Sounds like a wasteful government spending program disguised as “stimulus” to me.
I’ll add, with less sarcasm, that there’s a false dichotomy at play here – there’s no reason we can’t invest in geoengineering and act to reduce emissions. Indeed, I think it would be unreasonable to not attempt all possible solutions, given the potential devastation we could face.
I may be thinking of different engineering solutions than you are, Alex. I’m thinking of some of the ones I’ve posted about here and others along those lines: artificial trees to scrub CO2 out of the atmosphere and storing it in limestone in caves far below the earth’s surface.
Indeed, Maxwell James, I’m in favor of doing both at the same time. We shouldn’t put all of our eggs in the same basket. That’s actually the point I’m making. We can’t do everything by conservation alone (even if, as I suggested above, it does represent the low-hanging fruit). I’ve been in favor of a carbon tax for 35 years.
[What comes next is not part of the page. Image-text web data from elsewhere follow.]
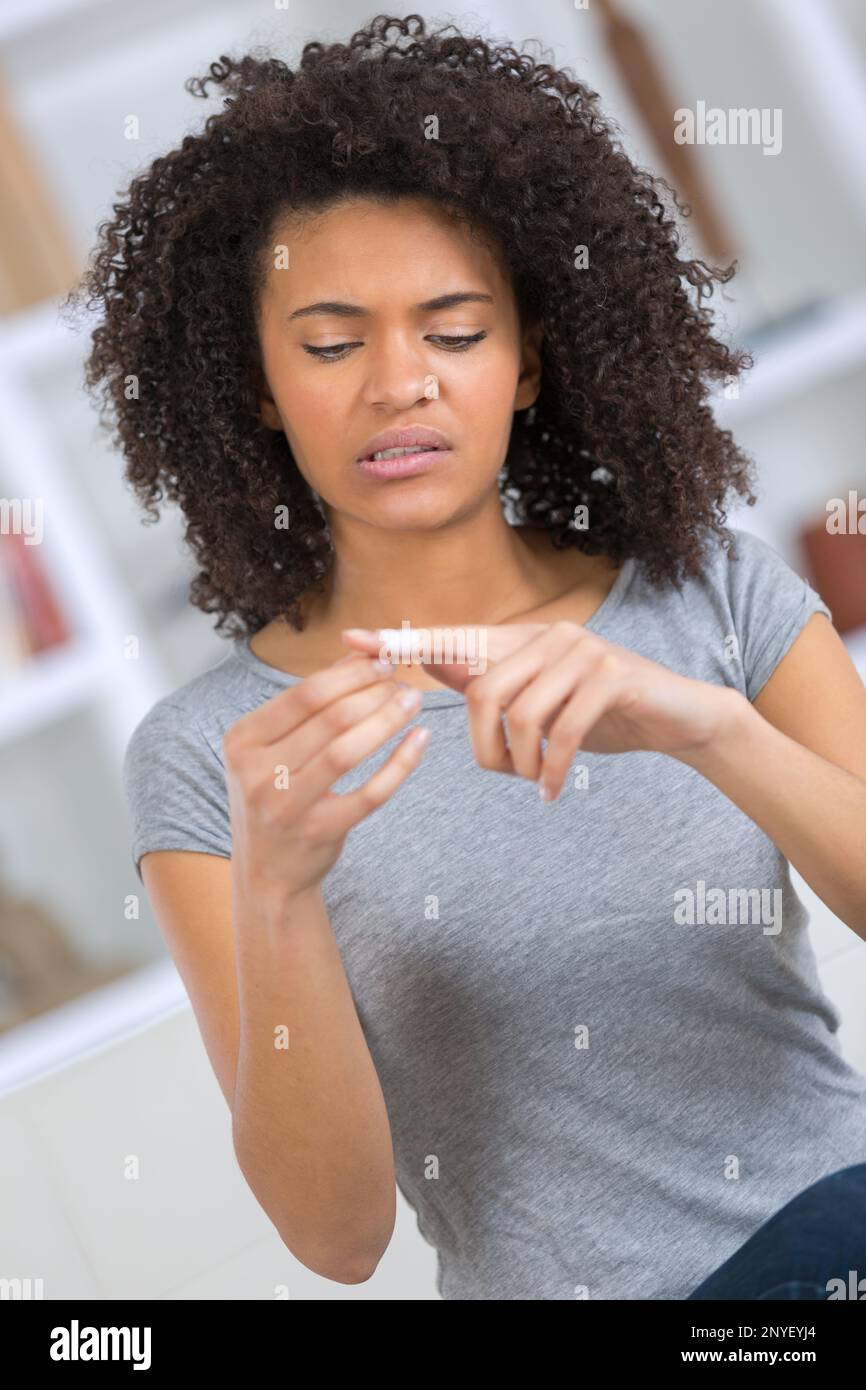 Junge Frau mit Fingerschmerzen Stockfoto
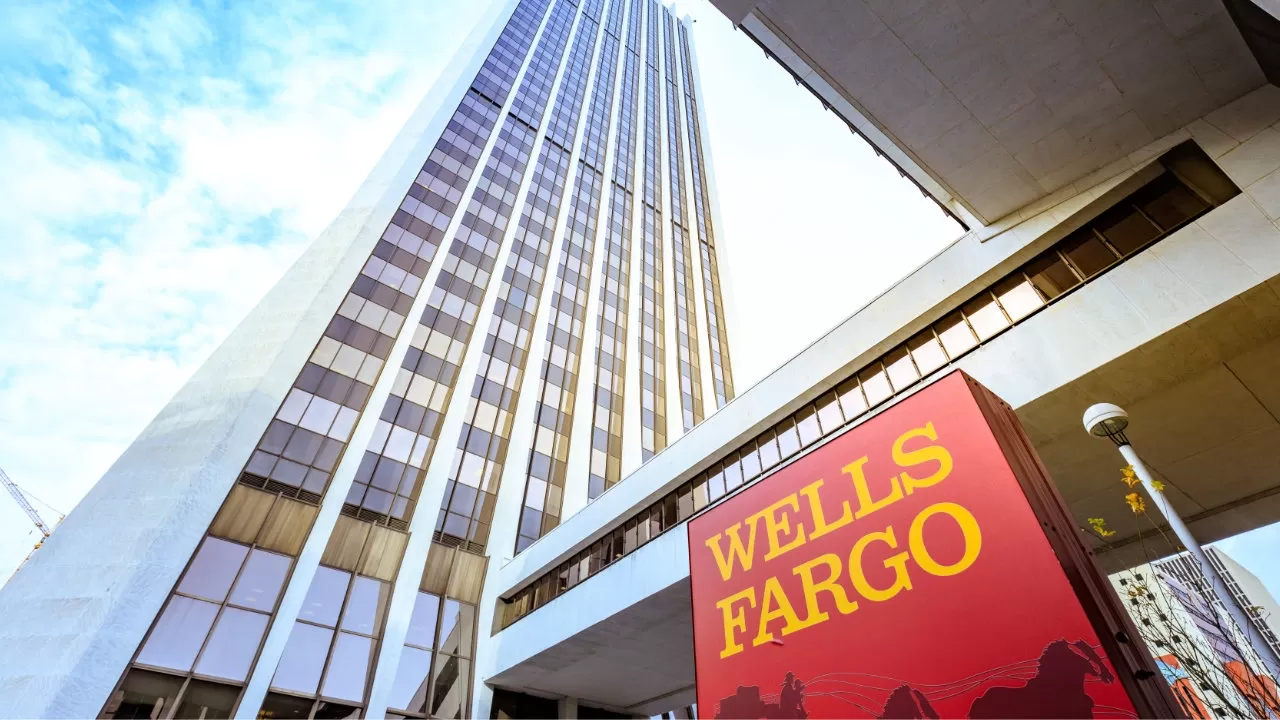  Wells Fargo 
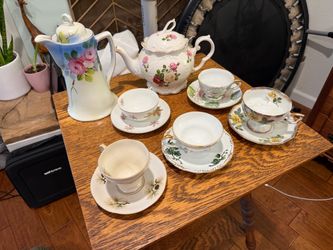 Tea cups and tea pots (2)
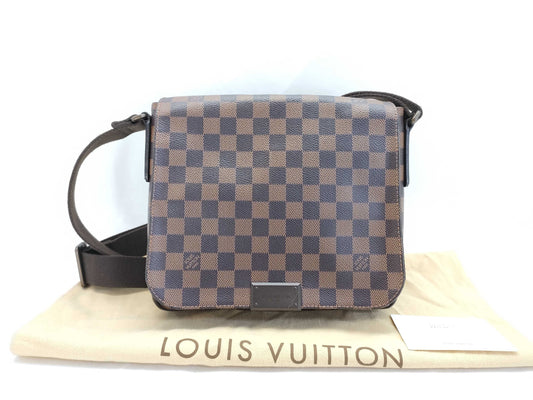LOUIS VUITTON Damier District Shoulder Bag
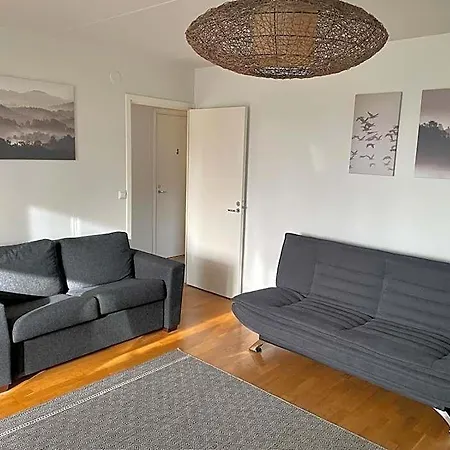 Huoneisto Quiet With Free Parking, 15 Min To Airport *
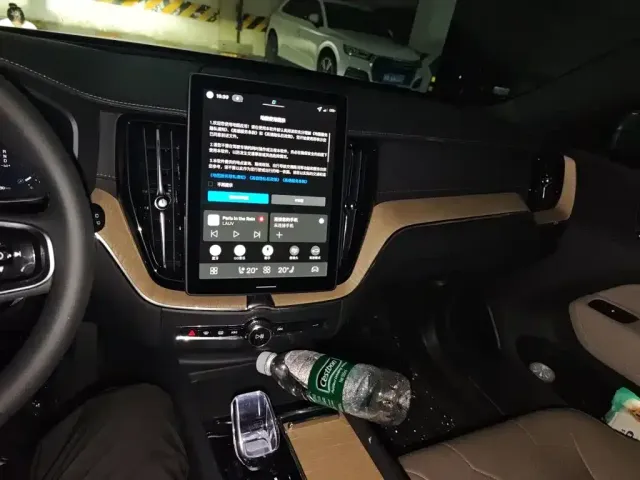 Volvo XC60 — Фото автомобиля 14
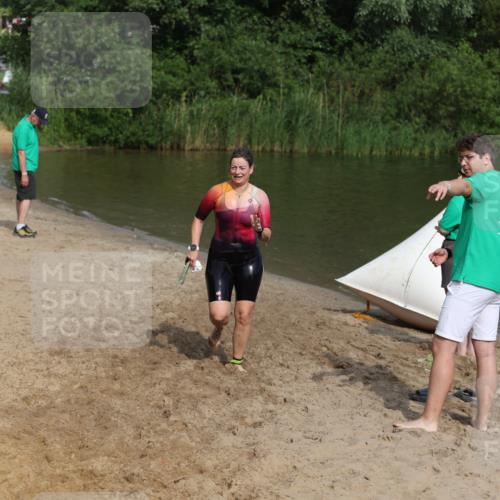 21.06.2026 - 29. Vierlanden-Triathlon Andreas Tolksdorf http://msf.ph/oto/9860656 21.06.2026 09:11:23 Schwimmen 223 meine-sportfotos.de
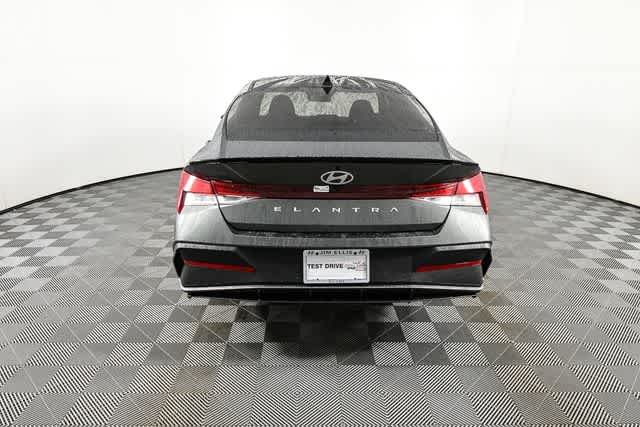 New 2026 Amazon Gray Hyundai SEL Sport image 7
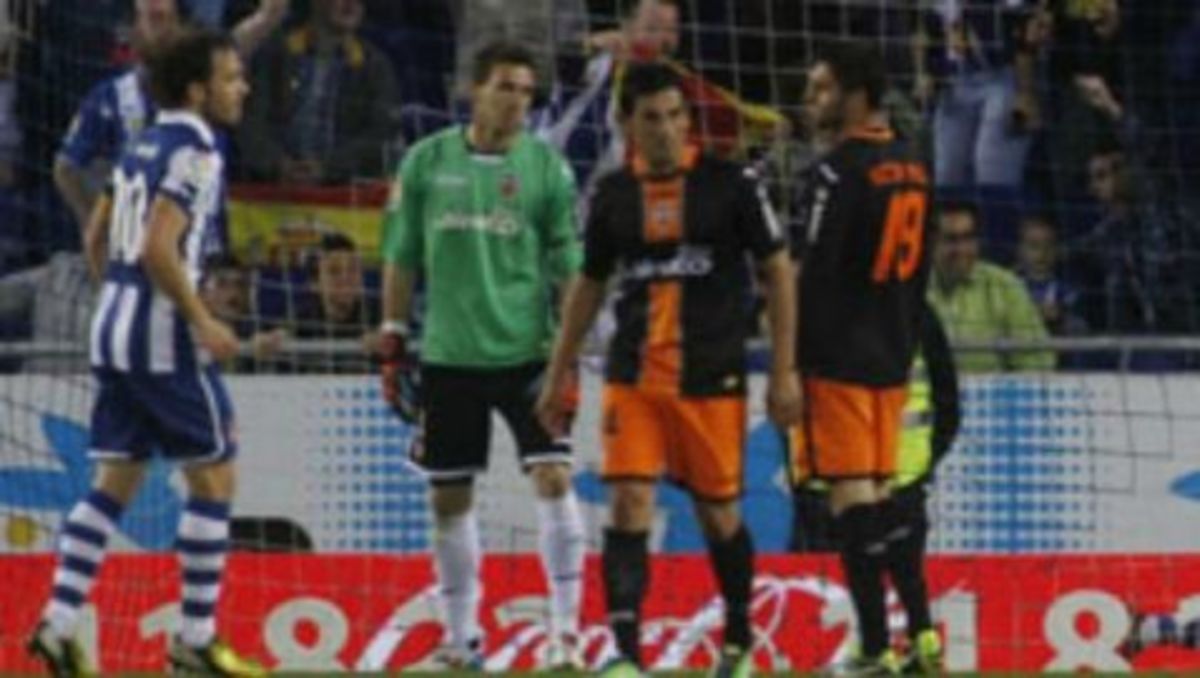 Ματσαρά στη Βαρκελώνη – Συντριβή για Λεβάντε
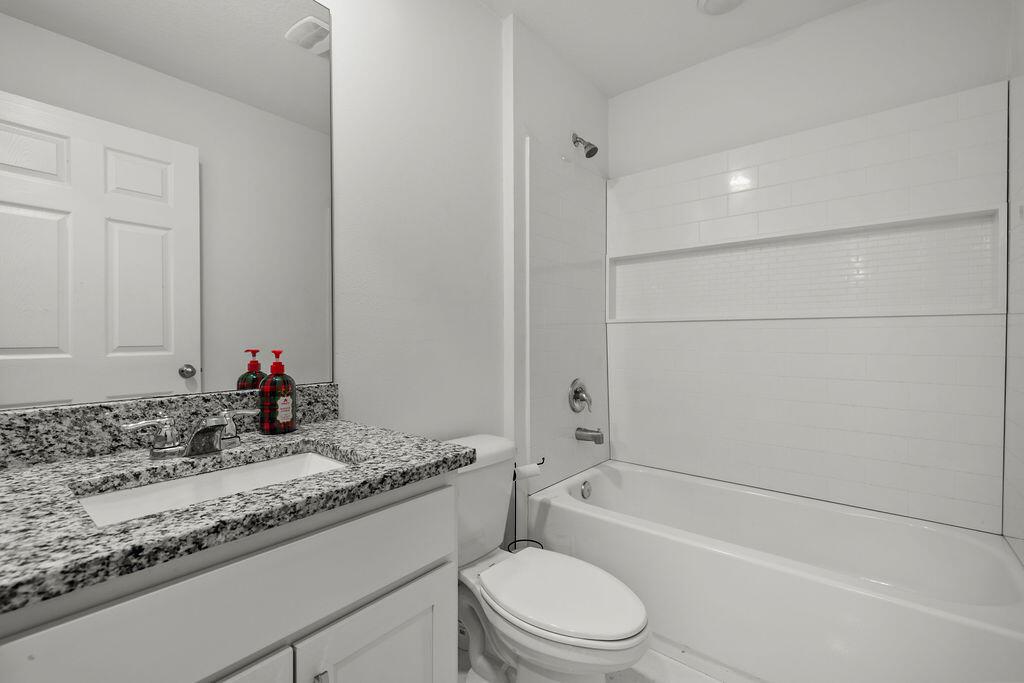 PORT ST LUCIE SECTION 25 - Residential Lease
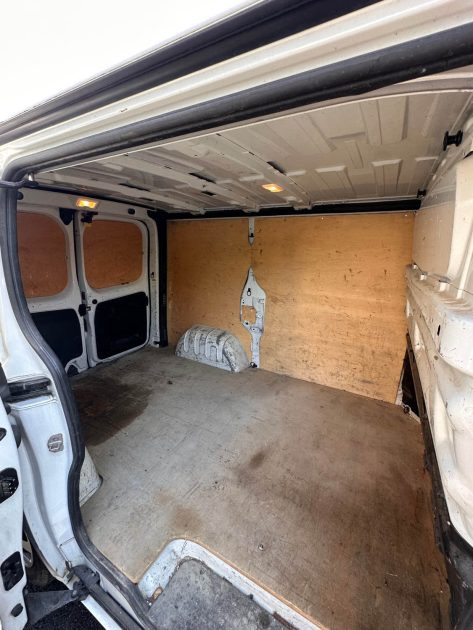 RENAULT TRAFIC 1.6 DCI 2.7T CONFORT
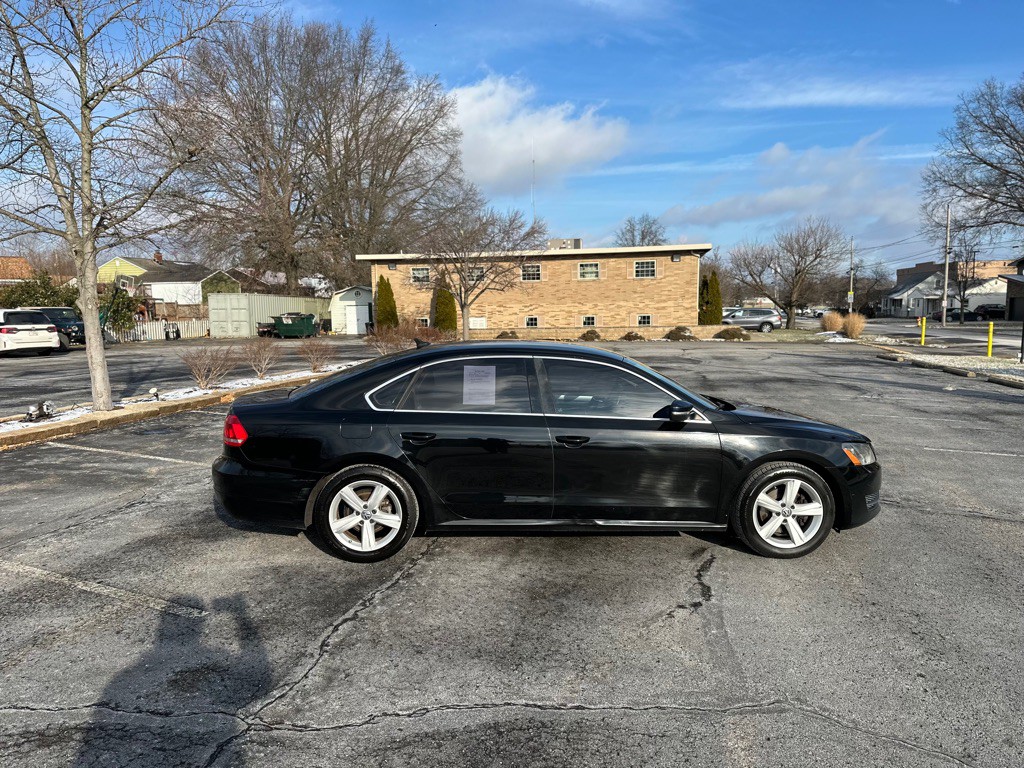 2013 Volkswagen Passat Image 13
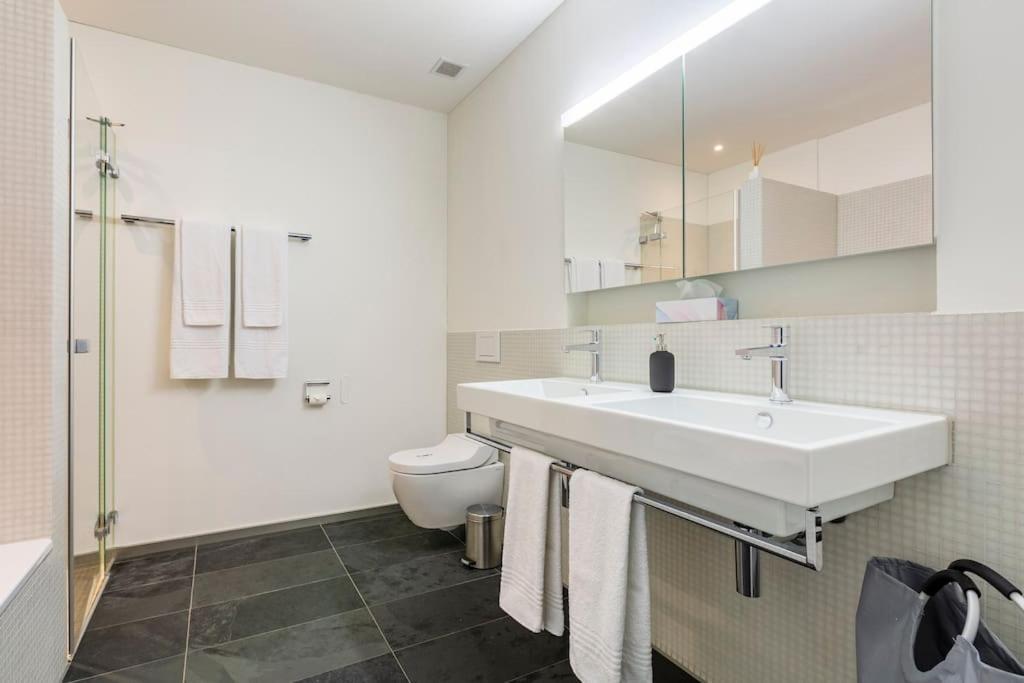 Luxus Wohnung Mit Garten Zurich Luaran gambar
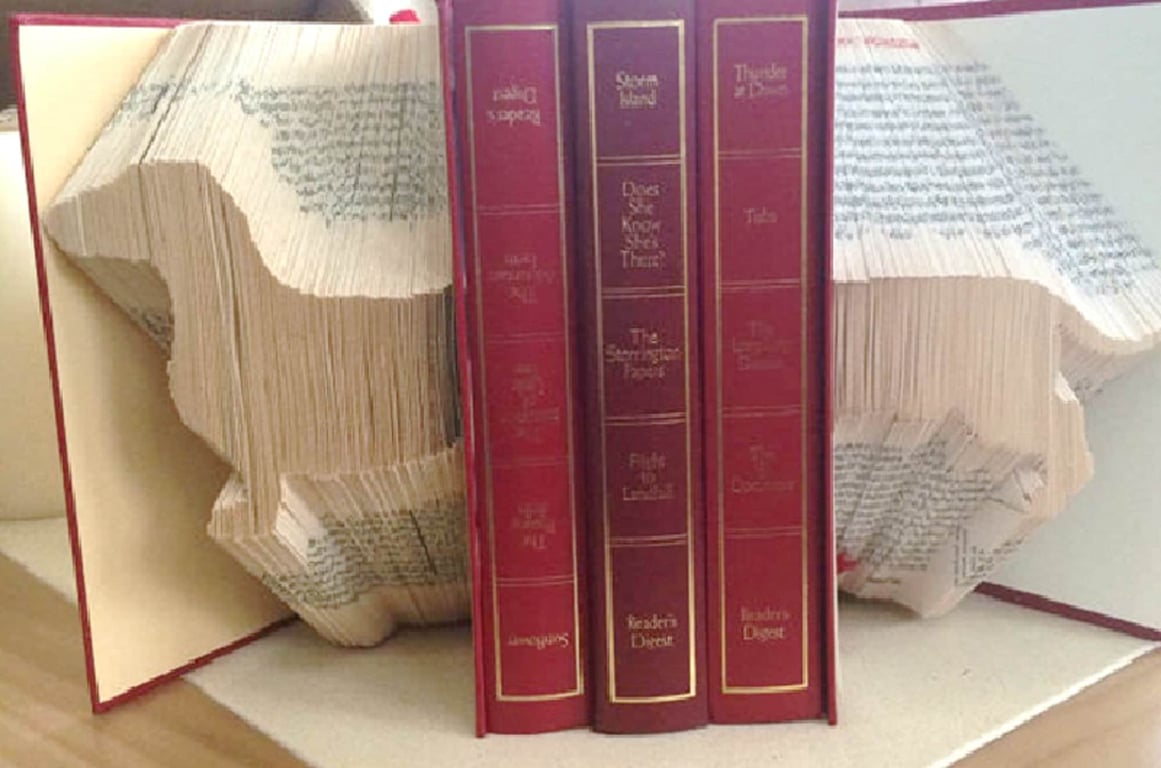 Dachshund 'Bookend' MMF book folding pattern - EMAILED PDF PATTERNS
I’m actually somewhat hopeful that the failure of cap-and-trade will allow a carbon tax to be more widely considered again. While there will always be coordination difficulties, it is easy to imagine a “grand compromise” in which a carbon tax is enacted and the corporate income tax goes down or is eliminated entirely.
Every morning I wake up with lots of problems to solve, and “global warming” is never among them. Why? Because I decided years ago not to breed. Let the breeders solve these problems they have caused.